An investment management agreement (IMA) is a legally binding document that outlines the contractual terms and conditions governing the relationship between an investor and an investment manager. The document is crucial in giving the investment manager the authority to act on the investor's behalf and in their best interest.
IMA is the proof of a fiduciary relationship between the two parties. The agreement contains important details about the parties, warranties, investor consent, reporting, expenses, fees, etc. There are two types of IMAs – discretionary and non-discretionary or standard agreements, depending on the extent of control.
An investment management agreement is one of the most important documents drafted between an investor and their fund manager. The agreement's primary purpose is to function as a guideline that describes the responsibilities, liabilities, objectives, etc., to protect the interests of both parties.
Investors look for returns. They need value for their money. The manager has to act in good faith and put the funds to good use in such a way that it maximizes the investor's gain. However, investing is prone to risk and losses. No matter the type of investment, there might be situations where loss is inevitable. In such cases, the investor must understand this.
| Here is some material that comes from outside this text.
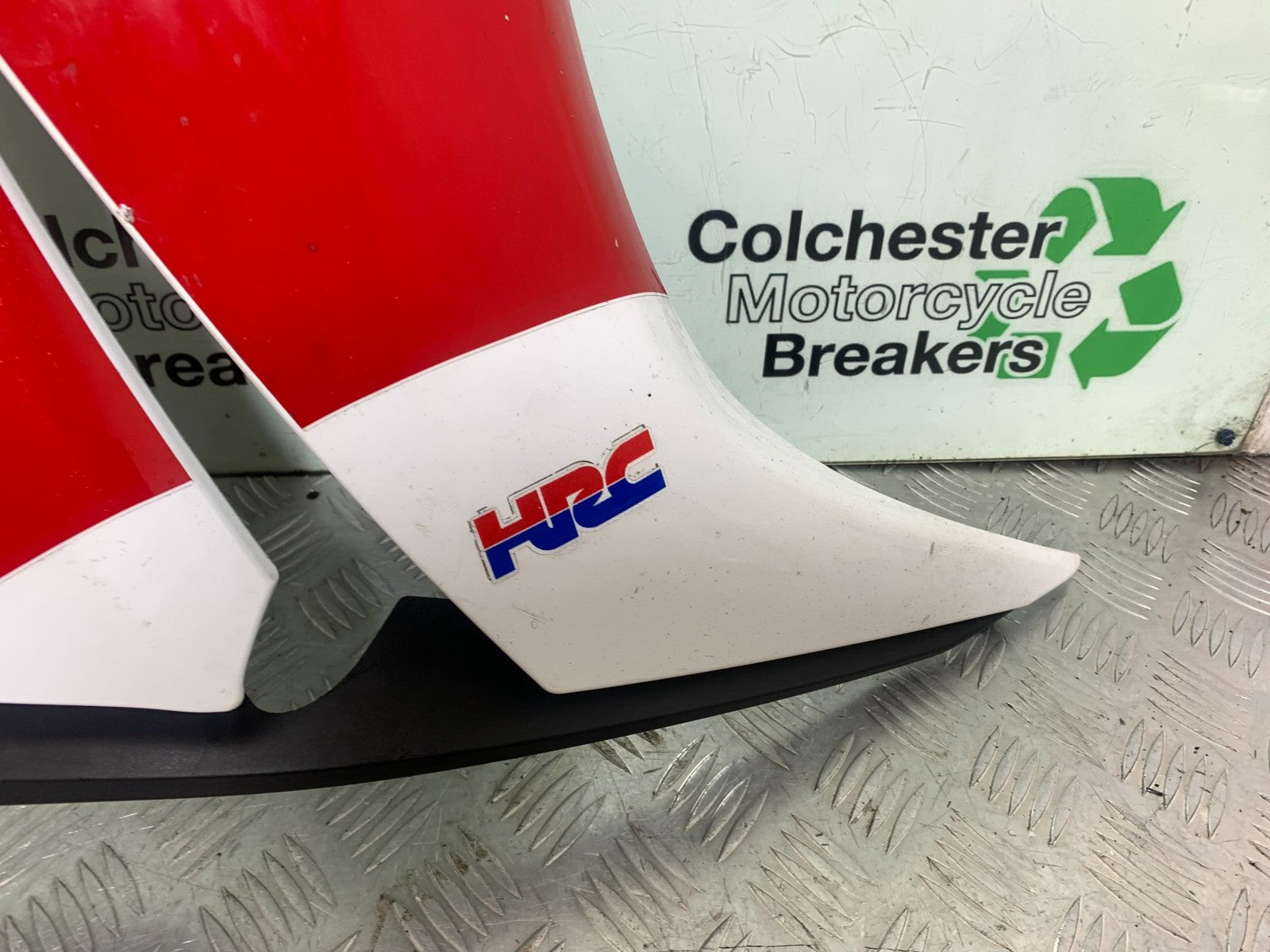 HONDA CBR1000 rr FIREBLADE RIGHT FAIRING PANEL   YEAR 2012-2016 (CMB1198)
Also, the investor should agree to compensate the manager in return for these services, regardless of the returns (losses or profits).
Apart from this, many clauses included in the agreement would ensure an understanding between the parties, such as warranties, consent, etc. IMA also contains the investor's objectives, based on which the manager will act.
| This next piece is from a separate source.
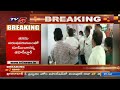 తహశీల్దార్ పై వైసీపీ నేత దాడి ycp leader attack on tahsildar in prakasam tv5 news digital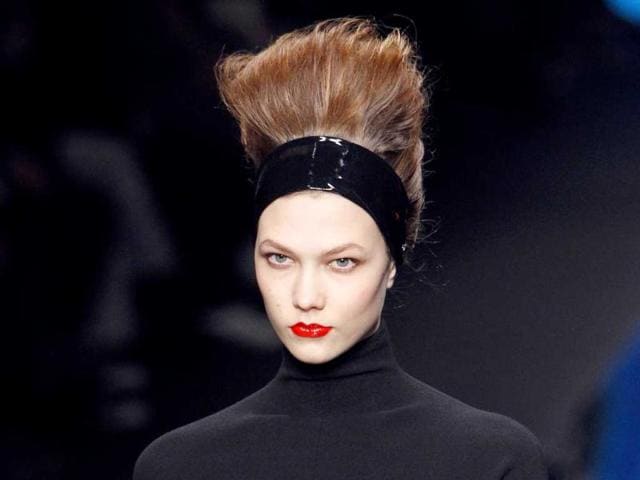 Headband: Giving a smart casual look, this one's a pleasant change from the regular look.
Now, there are two types of IMA – discretionary and non-discretionary. Under a discretionary investment management agreement, the manager is not required to contact the investor and seek approval for every transaction or decision about the investments. It is ideal for those investors who do not wish to spend too much time on their assets. It allows the manager to act freely on behalf of the client.
Under non-discretionary or standard IMA, the manager must stay in constant touch with the investor and obtain permission before executing small transactions. Whatever the type of agreement, it is explicitly mentioned.
Let us understand what makes an IMA.
Here are a few examples of IMA.
Dylan, an investor, recognizes the importance of formalizing his investment arrangements and decides to enter into an IMA with his trusted investment manager, Cara. This legally binding document serves as a comprehensive framework crafted to safeguard the interests of both parties while delineating the parameters of their professional partnership.
The IMA outlines crucial elements that ensure transparency and accountability throughout their collaboration. It includes detailed provisions regarding the appointed custodian, delineating the financial institution responsible for safeguarding Dylan's assets. Furthermore, the agreement explicitly defines the fee structure, ensuring full disclosure of compensation arrangements between Dylan and Cara.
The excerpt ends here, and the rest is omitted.